We do not yet publish a public subprocessor list, but we treat third-party vendors as subprocessors where they handle customer data and apply internal review and data protection agreements as we scale.
10. Privacy, GDPR & Data Subject Rights
- For most customers, DIS acts as a data processor: you, the customer, remain the controller of your data.
- Customer data is stored in the EU (GCP EU region).
- We currently focus on supporting deletion rights: Customers can delete projects, triggering data deletion and backup expiry as described above.
- For full details on data collection, usage, retention, and your rights, please see our Privacy Policy.
Items in progress
- A standard Data Processing Agreement (DPA) that can be incorporated into customer contracts.
- Additional tooling to support broader data subject rights (access/export, rectification, objection, portability) as the product and customer base grow.
Cookies & tracking
- We use only strictly necessary cookies required to operate the service.
- We do not use cookies for third-party marketing.
11. AI & Model Security
DIS uses AI to power agents and the knowledge machine.

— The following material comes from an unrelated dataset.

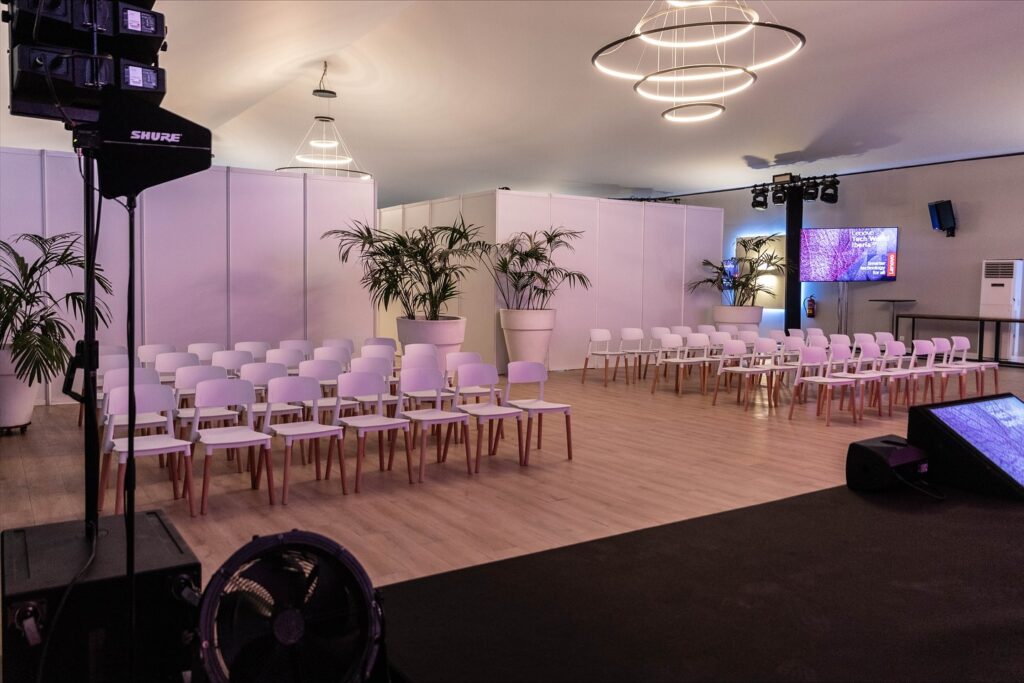 Eventazo de @lenovoes en Finca Astilbe. Nos encanta resaltar el espíritu de cada marca en los eventos corporativos que hacemos en nuestros espacios a través de la atención al detalle, el trato con los clientes y la calidad de los productos.

#eneldocatering #fincaastilbebyeneldo #lasallebyeneldo #grupoeneldo #venues #eventos2025 #eventossociales #eventocorporativo #eventosmadrid #venuesmadrid #venues #eventosexclusivos #cateringmadrid #gastronomiaespañola #bodas #lifestyle #beautyandlifestyle #placetobe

Today, this includes:
- Large language models from providers such as OpenAI, Grok, Anthropic, and potentially others over time.
- Vector embeddings generated via OpenAI and stored in PostgreSQL.
Key principles
- Tenant isolation:
- Vector data is stored in shared PostgreSQL databases with logical separation enforced through tenant identifiers and application-level access controls.
- Neo4j Aura uses tenant-scoped group IDs to ensure logical separation between customers.
- No training on your data:
- We have a strict policy that customer data is not used to train or fine-tune DIS models.
- Where possible, we opt out of third-party model providers using prompts or outputs for their own training.
Prompt & completion logging
- We log prompts/outputs for up to 30 days to support debugging, monitoring, and abuse detection.
- These logs are not used for model training and are subject to the same access controls and deletion practices as other logs.
12. Business Continuity & Disaster Recovery
- We maintain daily encrypted backups of critical systems with 7–30 days of retention.
- We test backup restoration to validate that we can recover from data loss scenarios.
- A documented disaster recovery (DR) plan, including explicit RTO/RPO targets, is on our roadmap; current recovery capabilities are constrained primarily by backup schedules and infrastructure provisioning times.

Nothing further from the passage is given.